Problem Description
One day I was shopping in the supermarket. There was a cashier counting coins seriously when a little kid running and singing "门前大桥下游过一群鸭,快来快来 数一数,二四六七八". And then the cashier put the counted coins back morosely and count again...
Hello Kiki is such a lovely girl that she loves doing counting in a different way. For example, when she is counting X coins, she count them N times.

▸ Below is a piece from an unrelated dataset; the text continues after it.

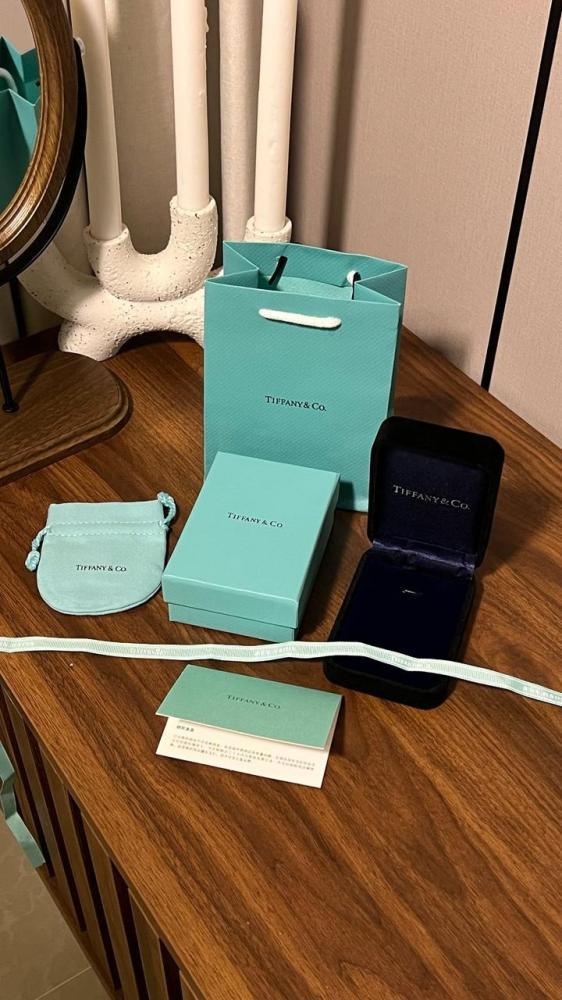 سلسال TIFFANY&Co - سلسال Tiffany فضي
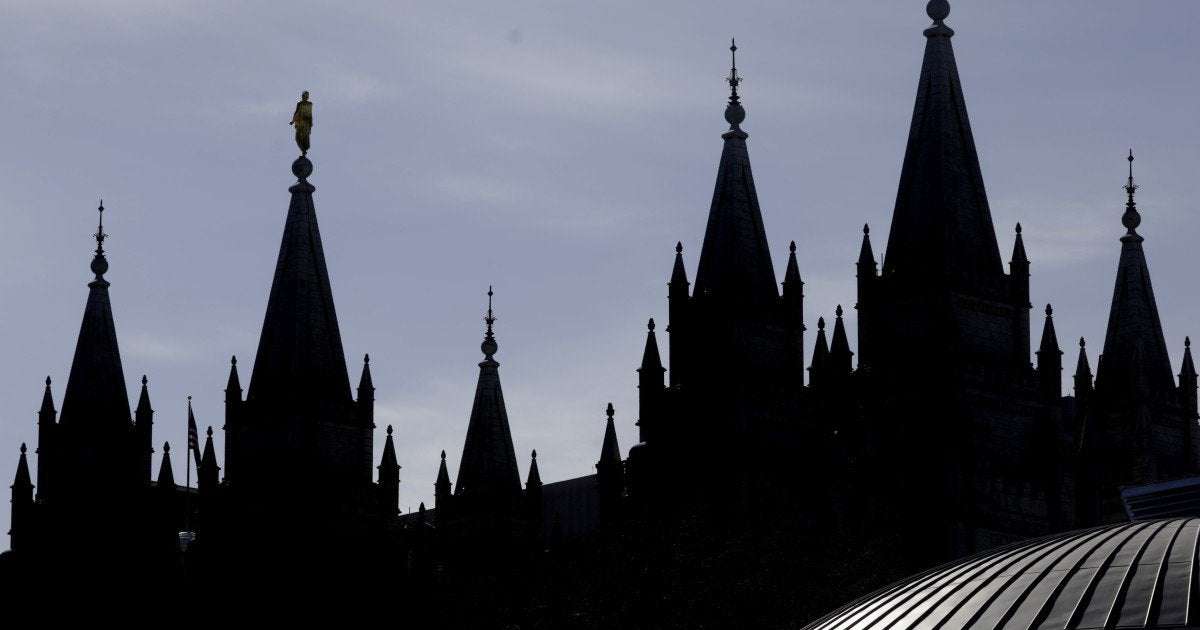 image for Mormon church to require masks inside all temples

Each time she divide the coins into several same sized groups and write down the group size Mi and the number of the remaining coins Ai on her note.
One day Kiki's father found her note and he wanted to know how much coins Kiki was counting.
Input
The first line is T indicating the number of test cases.
Each case contains N on the first line, Mi(1 <= i <= N) on the second line, and corresponding Ai(1 <= i <= N) on the third line.
All numbers in the input and output are integers.
1 <= T <= 100, 1 <= N <= 6, 1 <= Mi <= 50, 0 <= Ai < Mi
Output
For each case output the least positive integer X which Kiki was counting in the sample output format. If there is no solution then output -1.
Sample Input
2 2
14 57
5 56
5
19 54 40 24 80
11 2 36 20 76
Sample Output
Case 1: 341
Case 2: 5996
套用中国剩余定理模板即可求解....
注意此题有特判, 当余数为0时, 输出最小公倍数.....
代码如下:
#include <cstdio>
#include <cstring>
#include <algorithm>
#include <iostream>
using namespace std;
const int maxn=55;
int t;
typedef __int64 ll;
ll m[maxn],a[maxn];
int k;
ll Extend (ll A,ll B,ll& X,ll& Y)
{
if(B==0)
{
X=1; Y=0;
return A;
}
else
{
ll ans,temp;
ans=Extend (B,A%B,X,Y);
temp=X;
X=Y;
Y=temp-A/B*Y;
return ans;
}
}
ll solve ()
{
ll x,y,d,t,c;
for (int i=1;i<k;i++)
{
c=a[i]-a[i-1];
d=Extend (m[i-1],m[i],x,y);
if(c%d) return -1;
x=c/d*x;
t=m[i]/d;
x=(x%t+t)%t;
a[i]=m[i-1]*x+a[i-1];
m[i]=m[i]/d*m[i-1];
}
if(a[k-1]==0)
a[k-1]=m[k-1];
return a[k-1];
}
int main()
{
scanf("%d",&t);
for (int j=1;j<=t;j++)
{
scanf("%d",&k);
for (int i=0;i<k;i++)
scanf("%I64d",&m[i]);
for (int i=0;i<k;i++)
scanf("%I64d",&a[i]);
ll ans=solve();
printf("Case %d: %I64d\n",j,ans);
}
return 0;
}